O nome que ele empresta
O café da manhã na cobertura dos Montenegro não tinha o aroma de conforto que Helena esperava; tinha o cheiro gélido de uma sala de audiências. O tablet de Caio vibrou sobre a mesa de mármore, um som seco que interrompeu o silêncio tenso. Na tela, o e-mail da escola de Lia brilhava com a formalidade de uma sentença: a direção exigia uma reunião imediata para tratar do "desconforto institucional" causado pelos rumores sobre a paternidade da criança. A elite paulistana não perdoava o escândalo, e a escola, sob pressão dos pais, estava prestes a transformar Lia no centro de um processo de exclusão social.
Helena observou a mandíbula de Caio travar. Ele não leu como um homem que busca uma saída diplomática, mas como um estrategista que avalia o custo de uma guerra.
— Eles querem que eu dê um nome ao boato — Helena murmurou, a voz firme, embora suas mãos sob a mesa estivessem cerradas. — Querem que eu peça desculpas por existir, Caio.
— Eles querem uma explicação que salve a reputação deles — ele respondeu, sem desviar o olhar do dispositivo. — Não vão ter. Vou responder pessoalmente. E você estará comigo.
Antes que ela pudesse processar o peso daquela aliança, a porta da sala foi aberta sem anúncio. Vera Montenegro entrou com a elegância predatória de quem não precisa de convite para julgar o patrimônio da família. Ela ignorou Helena, focando sua atenção no filho, os olhos percorrendo a mesa como se buscasse uma falha no contrato.
— Então é aqui que vocês fingem que o nome Montenegro é um acessório de moda para causas perdidas? — Vera disparou, a voz cortante. — Caio, esse noivado é uma estratégia, não uma adoção. A herança e a imagem desta família não são moedas para pagar os erros de uma estranha.
Caio levantou-se. A altura dele, somada à frieza calculada, parecia preencher o ambiente, empurrando Vera para o território da resistência.
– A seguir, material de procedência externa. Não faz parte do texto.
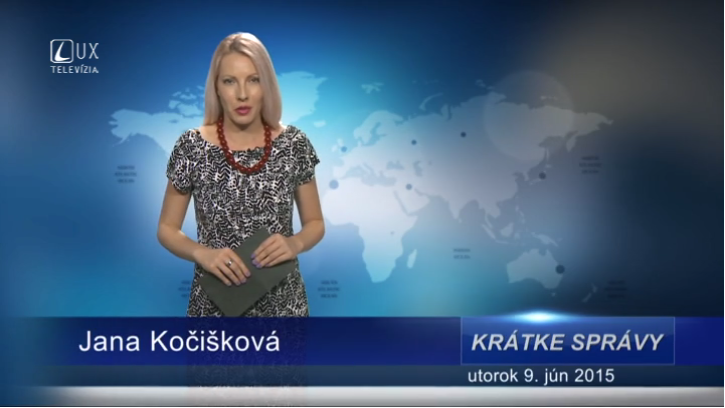 Krátke správy (09.06.2015)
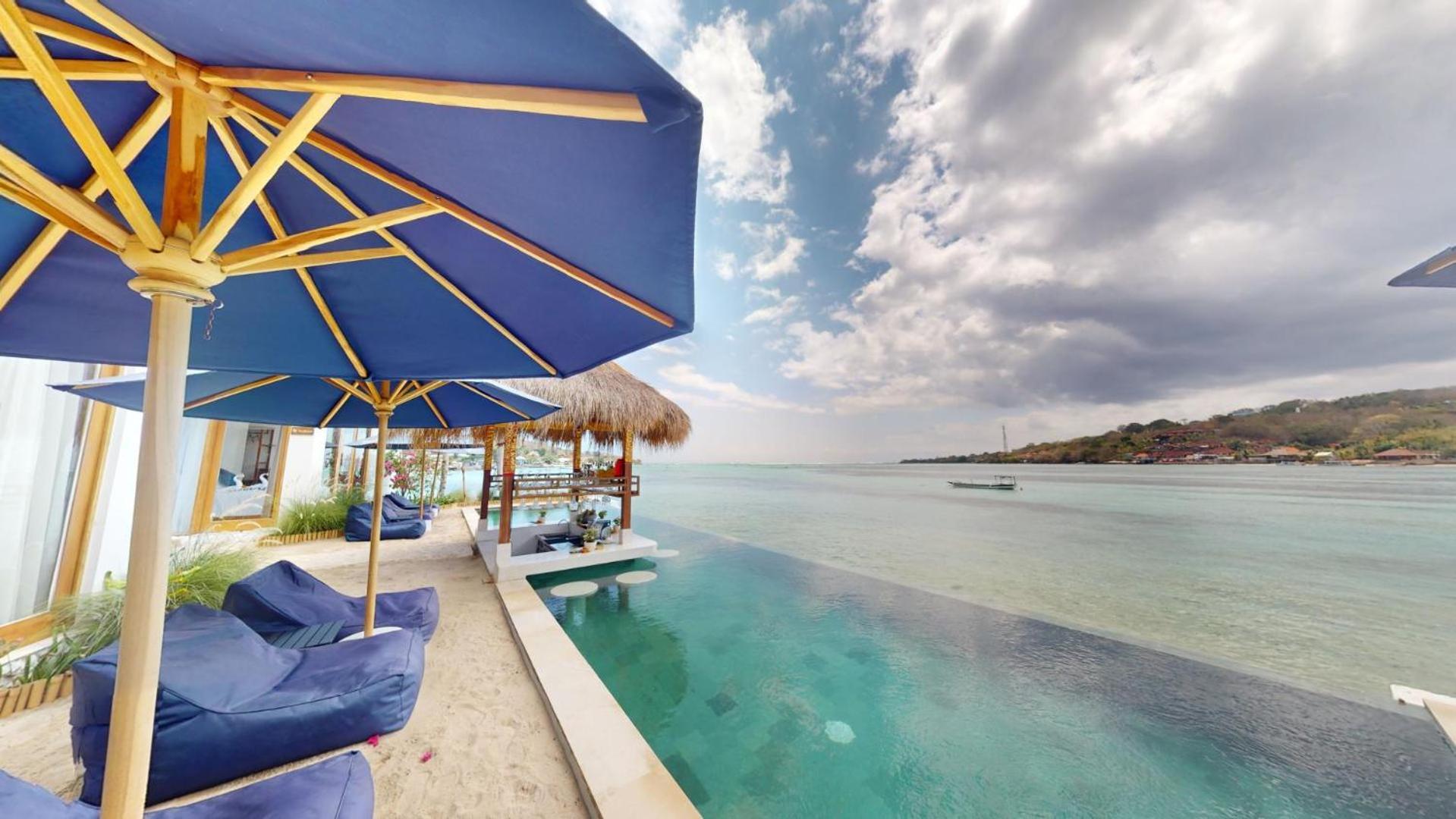 Segara Seaside Resort Нуса-Лембонган Экстерьер фото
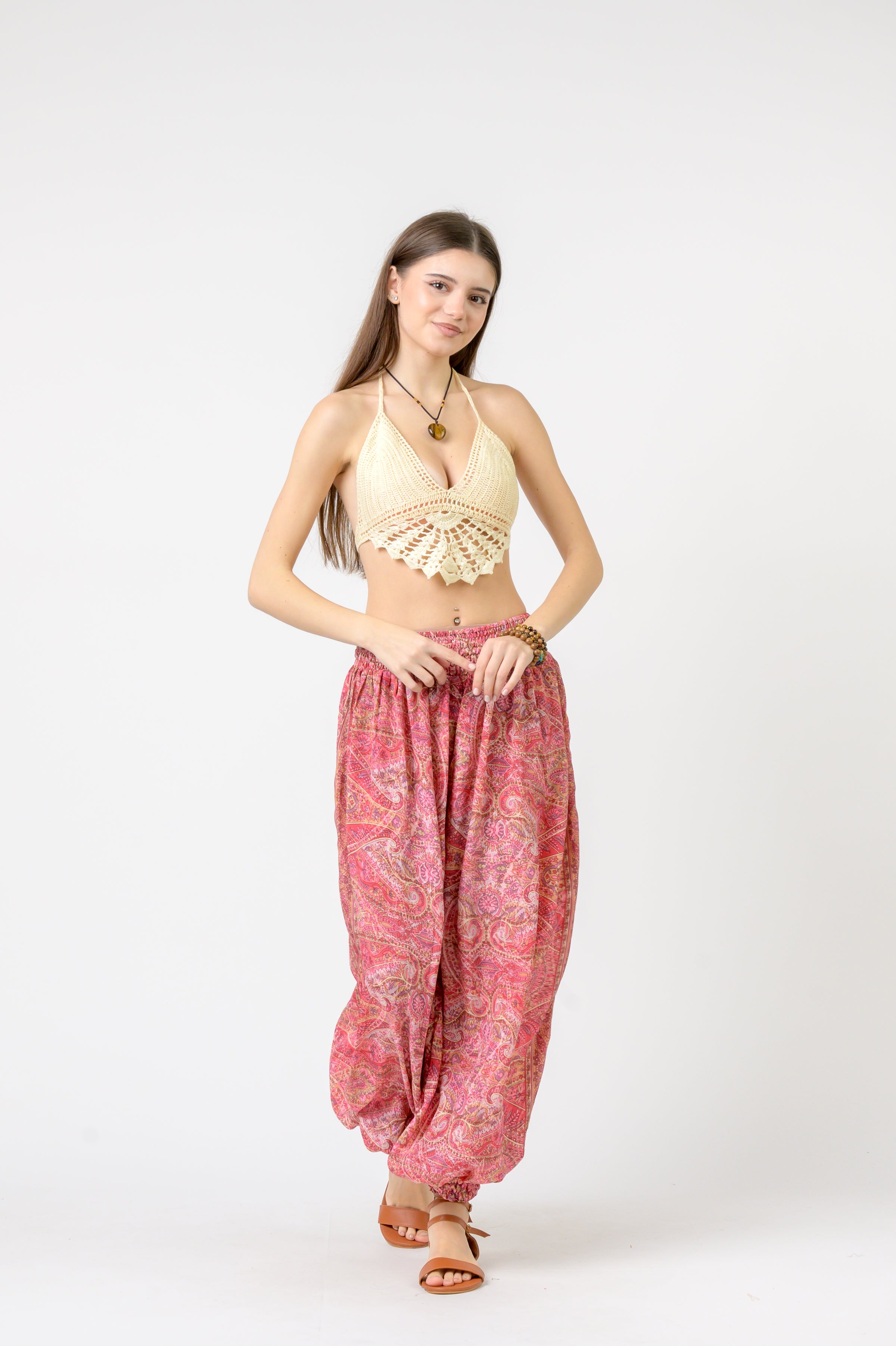 Rhea Printed Boho Pants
— O nome já foi usado, mãe. E, para o bem ou para o mal, ele não será recolhido — ele disse, a voz desprovida de qualquer calor.
Helena sentiu o choque daquelas palavras. Caio não estava apenas protegendo o contrato; ele estava assumindo o ônus de uma reputação que, até poucos dias, ele guardava com unhas e dentes. Vera sorriu, um gesto sem humor que parecia registrar uma dívida futura. Ela olhou para Helena com a promessa de uma sentença: se a jovem pretendia permanecer na cobertura, o preço seria a obediência cega, não o charme.
No carro, a caminho da escola, a tensão era palpável. A assessoria de Caio enviava mensagens frenéticas sobre a foto que circulava nas redes sociais — a imagem de Lia segurando a mão de Caio com confiança. O risco jurídico para a holding era imenso, mas Caio silenciou o celular com um clique seco.
— Eles sugerem uma nota neutra — ele comentou, o perfil esculpido pela luz cinzenta da cidade. — Querem que eu me distancie para salvar o sobrenome.
— E você vai? — Helena perguntou, a dignidade mantendo sua postura impecável apesar do terremoto interno.
— Eu vou fazer o que for necessário para que ninguém toque nela — ele respondeu, e o perfil endureceu. Não era vaidade; era cálculo protetor.
Na reunião escolar, a diretora tentou manter o controle, falando sobre "preservar a integridade da criança". Caio não permitiu que ela terminasse. Ele assumiu o comando da sala, exigindo que qualquer menção ao nome Montenegro fosse mediada por seus advogados. A autoridade de sua voz silenciou os sussurros da direção, transformando Helena, de uma mãe isolada, em uma aliada sob a proteção do homem mais poderoso do país. Ao saírem, o respeito nos olhos da diretora era evidente, mas Helena sabia que aquele gesto custara a Caio uma fatia real de sua autonomia social. Ele a protegeu, mas ao fazê-lo, amarrou o destino dela ao dele de uma forma que nenhum contrato poderia prever.